Congress Considers Extra Defense Funding for Iran War: Reports

Congress kicked much of its year-end agenda into 2024.

As members of Congress scramble to stake out positions on President Trump’s decision to go to war with Iran — and prepare to vote on whether to formally push back on the president’s war powers — some key lawmakers are reportedly also weighing the need for an emergency defense spending bill.

Republican Senate Armed Services Committee Chairman Roger Wicker told reporters Tuesday that lawmakers are considering whether the Pentagon will need more money. 

“We’re talking about that, and that will undoubtedly be discussed at the all-members brief this week, hopefully today, and if something is needed, and if they make a case for it, I’ll be receptive to their arguments,” Wicker said, according to Politico.

House Speaker Mike Johnson told reporters Monday that the potential need for additional funding was raised during a “Gang of Eight” briefing by administration officials for top lawmakers. 

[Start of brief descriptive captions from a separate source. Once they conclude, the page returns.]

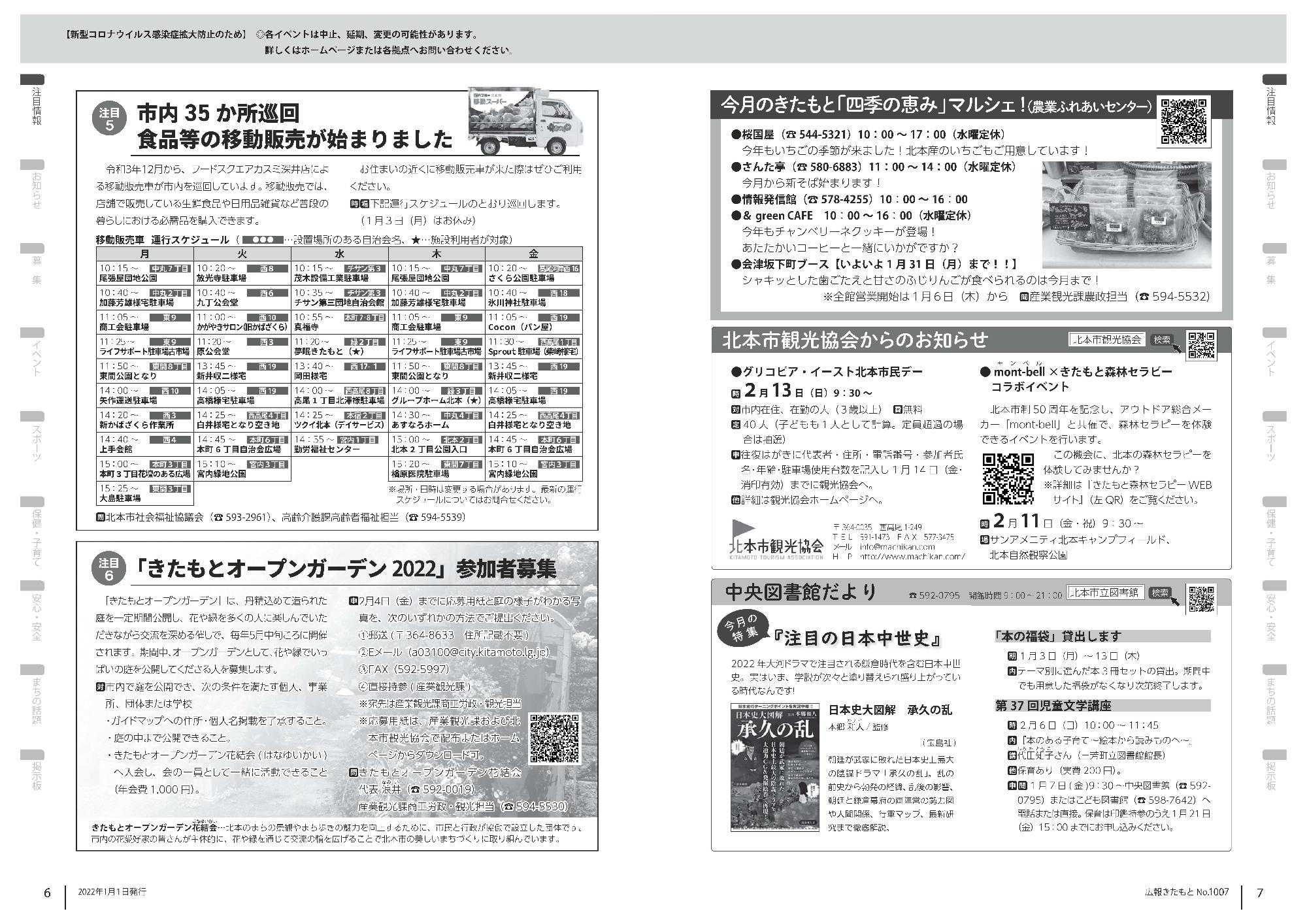 広報きたもと令和4年1月号注目情報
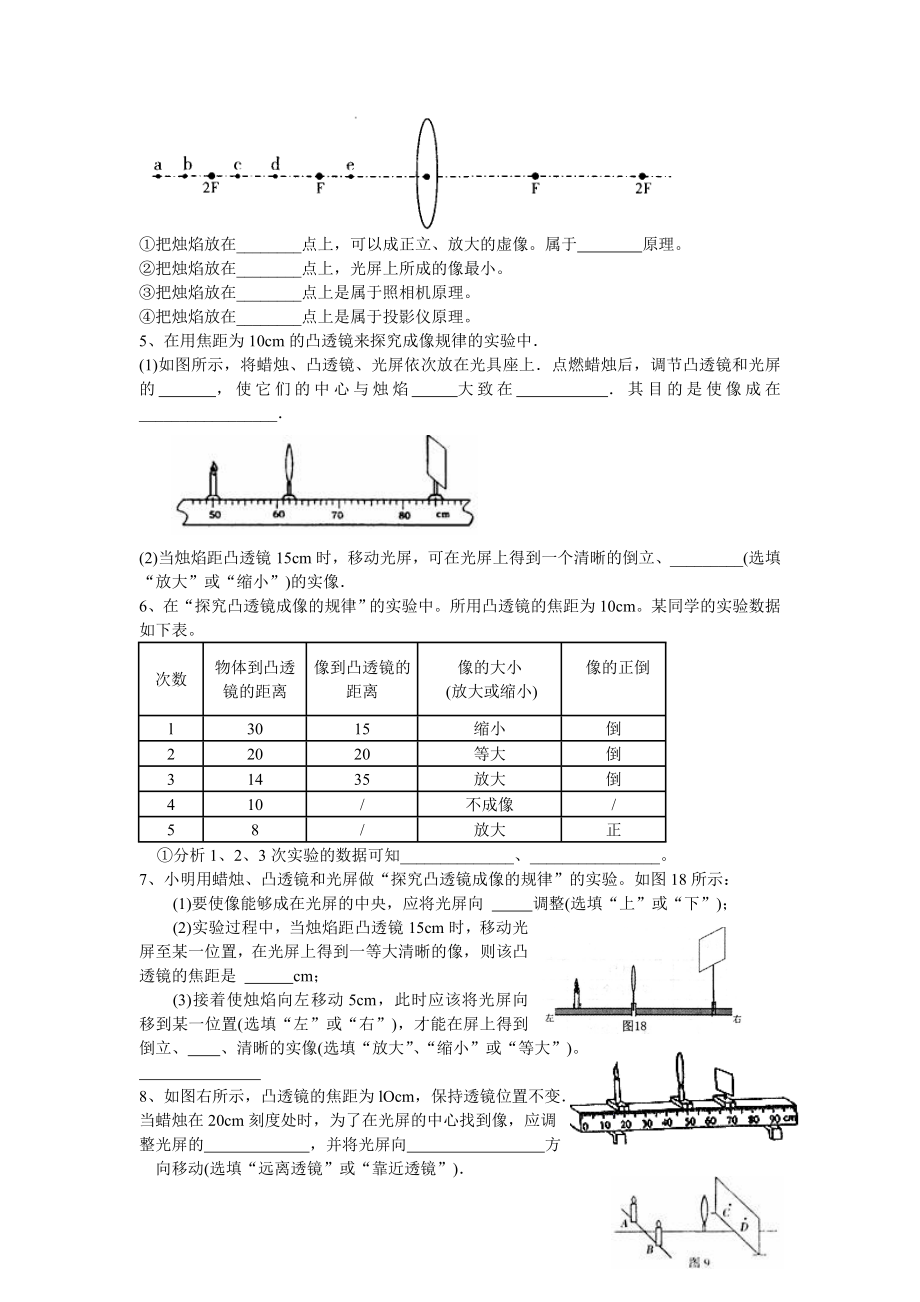 物理周考第五章.doc_第3页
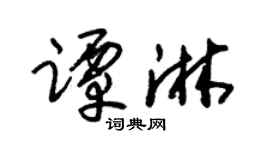 朱锡荣谭淋草书个性签名怎么写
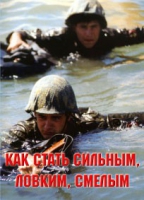 Брошюра "Как стать сильным, ловким, смелым" - «globural.ru» - Тобольск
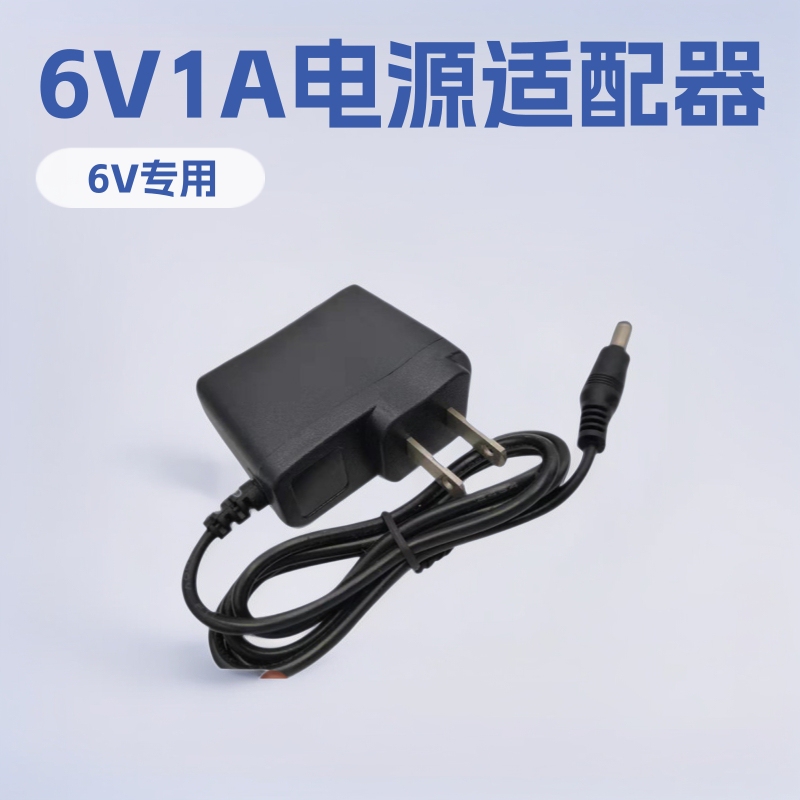 6V1A電源アダプタ適用電子称血量圧計家庭用石鹸ディスペンサーLEDストリップミシン電源|undefined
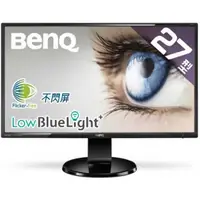 在飛比找蝦皮購物優惠-BENQ GW2760HL 27型/27吋/VA面板/HDM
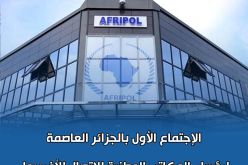 تواصل الإجتماع الأول لرؤساء المكاتب الوطنية “للأفريبول” بالعاصمة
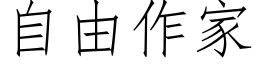 自由作家 (仿宋矢量字库)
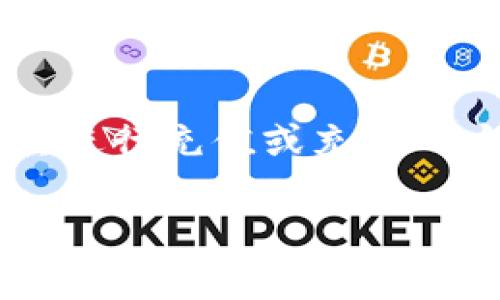 tokenim是一个相对新颖的加密货币和区块链平台，许多用户在寻找如何对其进行充值或充币的方法。希望通过本文，帮助大家了解如何进行tokenim充币的流程和相关信息。

如何对Tokenim进行充币：一步一步的操作指南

Some Democratic lawmakers have reportedly also expressed concern about the state of weapons stockpiles, including missile defense systems such as the Terminal High Altitude Area Defense system (THAAD).

“There is a potential desperate and disastrous shortage of THAAD and Patriot systems that are necessary to protect our embassies, our bases, our civilians, and that is truly a potential disaster in the making,” Democratic Sen. Richard Blumenthal said.

Any supplemental funding bill would require bipartisan support to get through the Senate. That, as Aris Folley and Jacob Fulton note at Roll Call, “would give Democrats leverage that could affect the scope of future combat in Iran.”

Democratic leaders have come out against the war, saying that, while they don’t mourn the death of Iranian Supreme Leader Ali Khamenei, the American people don’t want a war of choice pursued with no clear endgame or public debate.

“This is not what the American people want,” Senate Minority Leader Chuck Schumer said Monday. “They don’t want a war that leads to lost American lives and that costs billions and billions of taxpayer dollars. They don’t want a war that raises the price of gas at the pump.”

Some Democratic senators have already cautioned about the costs of war and have used the issue to hammer Republicans about domestic concerns, including the affordability crisis. 

“Trump and Republicans: Sorry, no money for your grandma’s healthcare. Also Trump and Republicans: Let’s spend billions blowing up the Middle East,” Sen. Ruben Gallego of Arizona wrote in a post on X. “They can always find money for war, just never for you.”

Democrats have also rejected Republican pressure to end the Department of Homeland Security shutdown, now in its 18th day, because of the war. Democrats continue to push for reforms at Immigration and Customs Enforcement and Customs and Border Patrol. They argue that Congress could fund all other DHS agencies, such as the Transportation Security Administration and the Federal Emergency Management Agency.

House Minority Leader Hakeem Jeffries on Tuesday dismissed the idea of funding all of DHS now. 

“Donald Trump launches an unauthorized war in the Middle East. He characterizes it as endless. He decides that he wants to spend billions of dollars to bomb Iran, rather than spend taxpayer dollars to lower the grocery bills that are crushing the American people. And then wants to use his unauthorized war as an excuse to continue spending taxpayer dollars to brutalize or kill American citizens by continuing to unleash ICE without restrictions on the American people,” Jeffries told reporters. “The whole thing is insane. Make it make sense, because it does not.”